Have a great week! And keep the faith!
The story is told of a young woman who had taken ballet lessons all through her childhood and who now felt ready to make a career of it. So, when a leading ballet company came to town, she went to meet the ballet master.
“I want to be a ballerina,” she said, “but I don’t know if I have the talent.”
The master asked her to dance, & after only a minute or so he shook his head. “No, no,” he said. “You don’t have what it takes.”
The young woman went home, heartbroken, tossed her ballet slippers in the closet & never wore them again. Many years later the ballet company visited her small town again. She attended the ballet, & on the way out, ran into the old master, now in his eighties.
She reminded him that they had met before, and they made small talk. She then said, “There’s just one thing that’s always bothered me. How could you tell me so quickly that I didn’t have what it takes?”
“Oh, I barely looked at you when you danced,” he said. “That’s what I tell everyone who comes to me.”
“But that’s unforgivable,” the woman exclaimed. “You ruined my life! Maybe I could have been a great prima ballerina!”
“No, I don’t think so,” said the old master. “If you had had what it takes, you wouldn’t have paid any attention to what I said.”
The ballet master’s words give us food for thought. — It is easy to succumb to the voices that tell us that we don’t have what it takes. But those who overcome, achieve and win are those who choose instead to listen to the deeper, affirming voice within them that tells them to press on, keep moving forward and not quit.
As the poet Edgar Guest so eloquently put it…
Somebody said that it couldn’t be done,
But he with a chuckle replied
That “Maybe it couldn’t,” but he would be one
Who wouldn’t say so till he’d tried.
So he buckled right in with the trace of a grin
On his face. If he worried he hid it.
He started to sing, as he tackled the thing
That couldn’t be done, & he did it.
Somebody scoffed: “Oh, you’ll never do that;
At least no one ever has done it”
But he took off his coat & he took off his hat,
And the first thing we knew he’d begun it.

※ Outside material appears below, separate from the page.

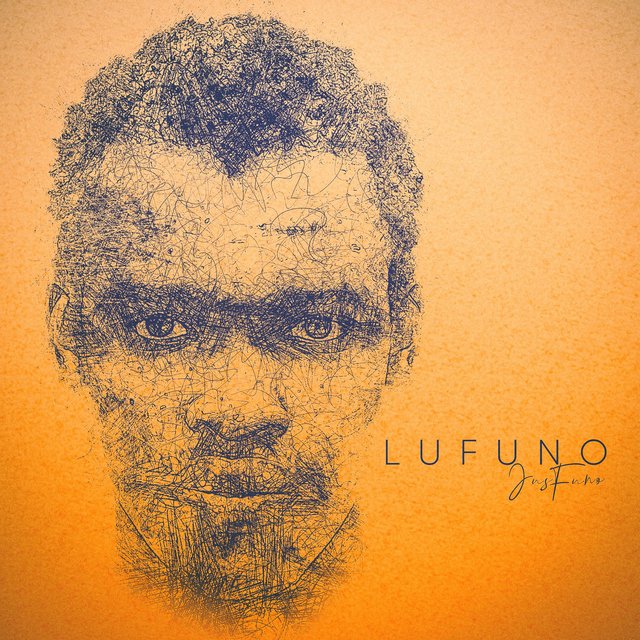 Lufuno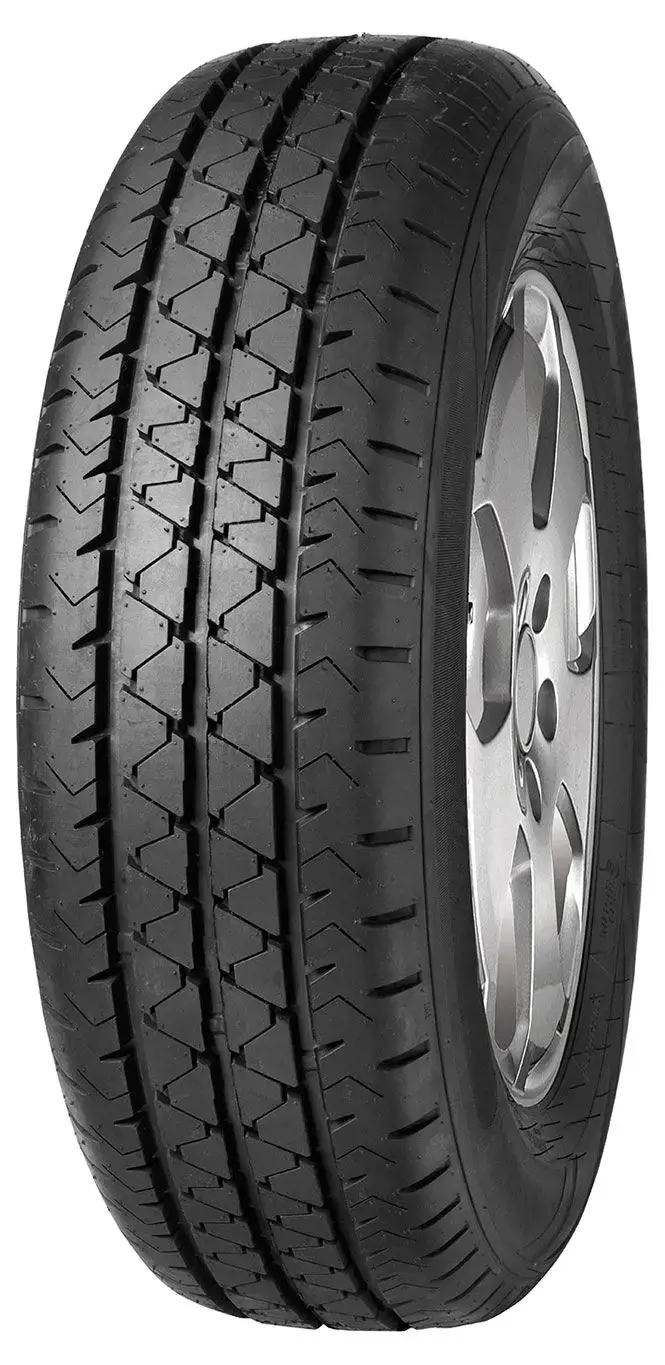 195/80 R14C 106R/104R Euro VAN2 8PR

With a lift of his chin & a bit of a grin,
Without any doubting or ‘quit it’,
He started to sing as he tackled the thing
That couldn’t be done, & he did it.
There are thousands to tell you it cannot be done.
There are thousands to prophesy failure;
There are thousands to point out to you one by one,
The dangers that wait to assail you.
But just buckle in with a bit of a grin,
Just take off your coat & go to it;
Just start in to sing as you tackle the thing
That “cannot be done,” & you’ll do it.
Have a great week!
IT’S A WONDERFUL LIFE!
Frank Capra’s 1946 film, It’s a Wonderful Life, is considered one of the greatest movies of all time. It was nominated for five Oscars, and has been recognised by the American Film Institute as one of the 100 best American films ever made.

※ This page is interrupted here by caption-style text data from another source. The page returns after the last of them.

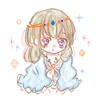 るなぽい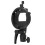 Flash Speedlight Mount or Bowens Mount Bracket for Q7 Series Quick Release Octagon/Rectangle Softbox Q7B 1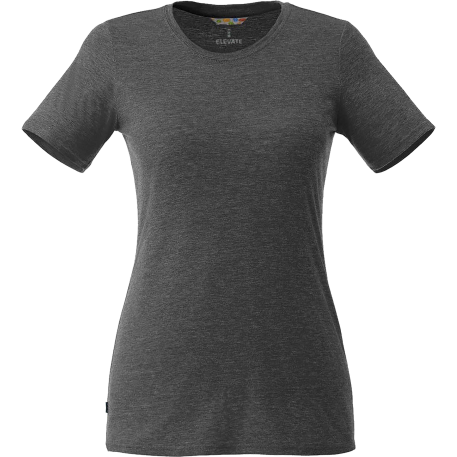 Women's Sarek Short Sleeve Tee 54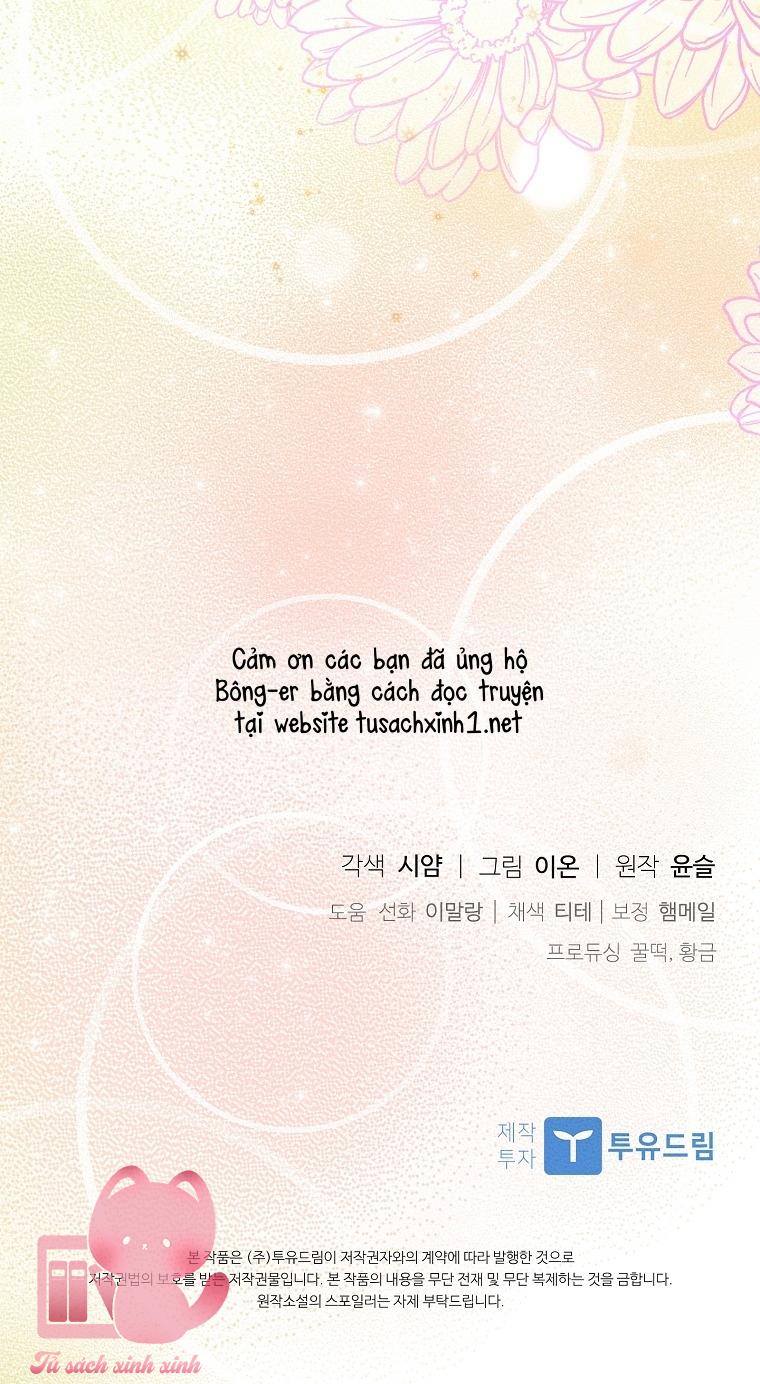Nhận Nuôi Người Cha Phản Diện - Chap 13 - Trang 56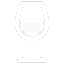 Wine Tastings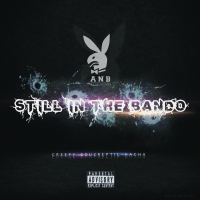 Still in the Bando (Single)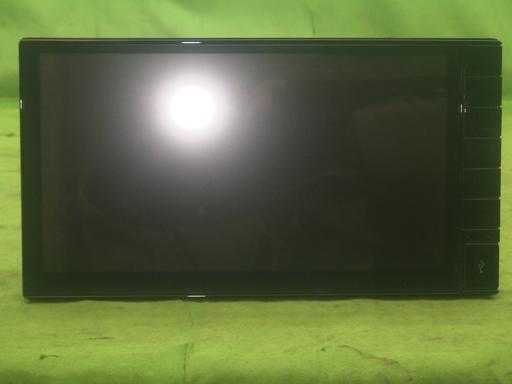 563951002　　クリックすると、もっと大きい画像を表示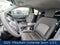 2025 Mitsubishi Outlander Sport 2.0 ES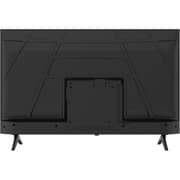 Skyworth 55inch Q6800H 4K QLED Google Television (2025 Model) - 55Q6800H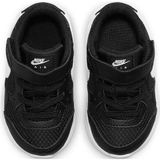Nike air max sc in de kleur zwart.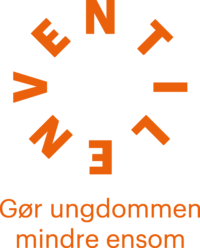 Ventilen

The film begins with two lights blinking in the sky high above the earth. These two lights, we learn, are two angels talking to each other. The smaller light is Clarence Odbody, a novice angel, who is being given an assignment by the bigger light, his angelic supervisor.
Clarence’s task is to go and help a man on earth called George Bailey who needs help urgently.
“Is he sick?” asks Clarence.
“Worse,” replies Clarence’s supervisor. “He is discouraged.”
George Bailey, it turns out, is a good man who has led a kind, helpful and sacrificial life, but in the process has missed out on gaining wealth and fame. Tonight he is in the depths of despair, for he has been brought to the verge of ruin by an unscrupulous businessman. Clarence goes down to earth, manages to stop George from harming himself, but try as he might, is unable to cheer him up.
Finally, George Bailey says, ‘I wish I had never been born!”
And suddenly Clarence knows how to help George.
He shows George an alternative reality – the world as it would have been had he (George) never been born! As George walks through this version of the world, no one in his town recognises him. All the people he had helped throughout his life are leading sad and difficult lives because there was no George to help them in their time of trouble. Some people whose lives he had actually saved aren’t even around.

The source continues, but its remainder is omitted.